Without the images, print all the entries below exactly as given.

***** INPUT

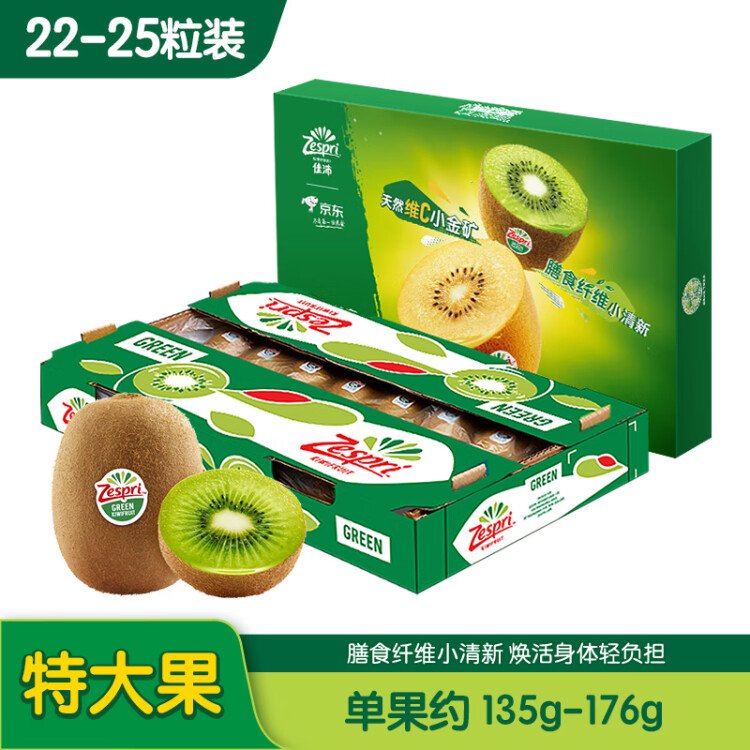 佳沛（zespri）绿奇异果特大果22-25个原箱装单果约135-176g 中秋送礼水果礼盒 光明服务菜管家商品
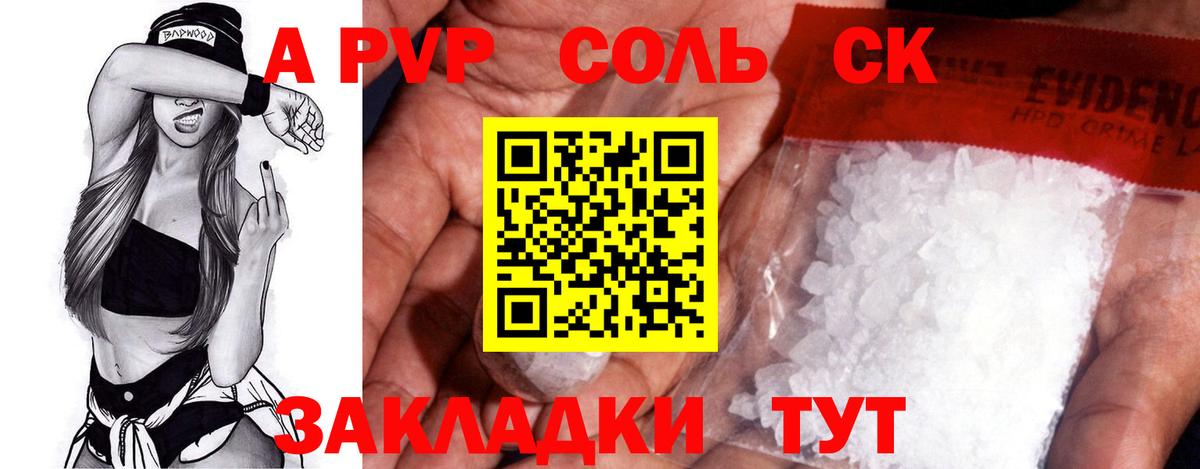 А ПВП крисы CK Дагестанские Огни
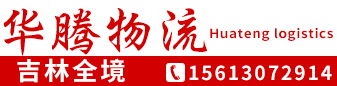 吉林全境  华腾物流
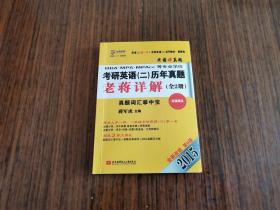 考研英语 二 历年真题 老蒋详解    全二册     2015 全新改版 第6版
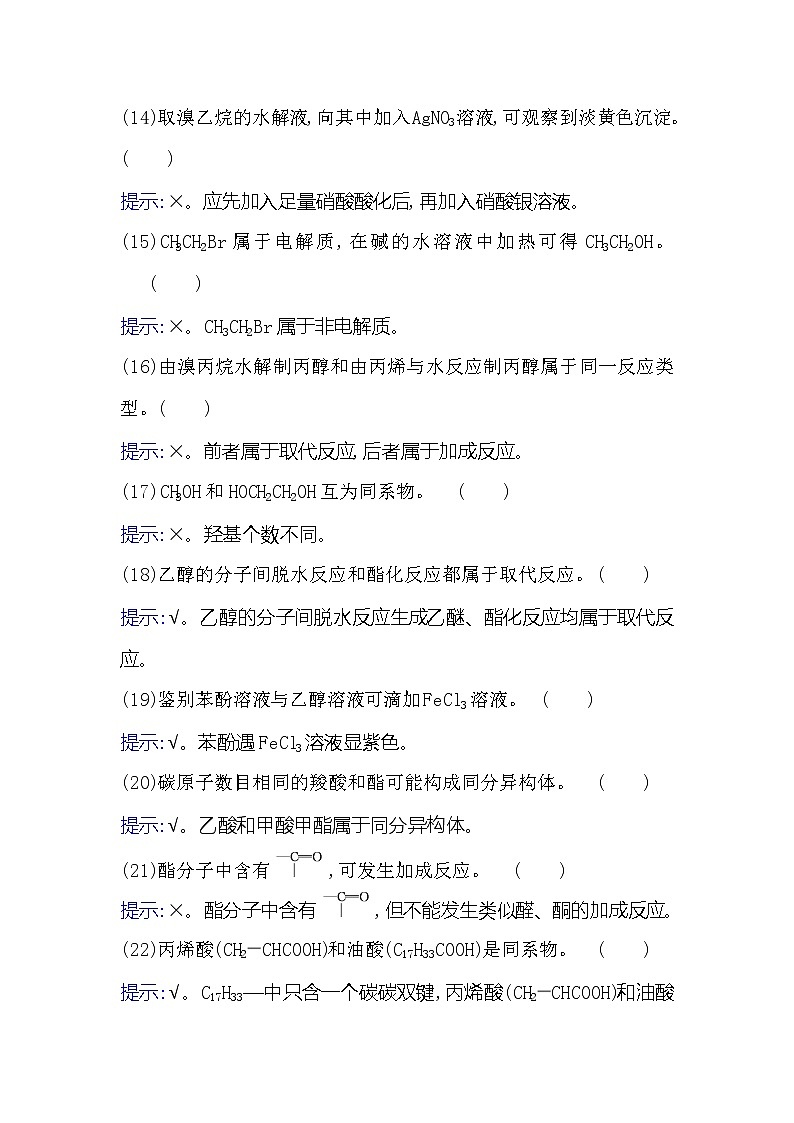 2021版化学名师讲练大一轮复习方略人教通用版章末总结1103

**********

= WRITTEN RESPONSE =
 佳沛（zespri）绿奇异果特大果22-25个原箱装单果约135-176g 中秋送礼水果礼盒 光明服务菜管家商品
 А ПВП крисы CK Дагестанские Огни
 吉林全境  华腾物流
 考研英语 二 历年真题 老蒋详解    全二册     2015 全新改版 第6版
 2021版化学名师讲练大一轮复习方略人教通用版章末总结1103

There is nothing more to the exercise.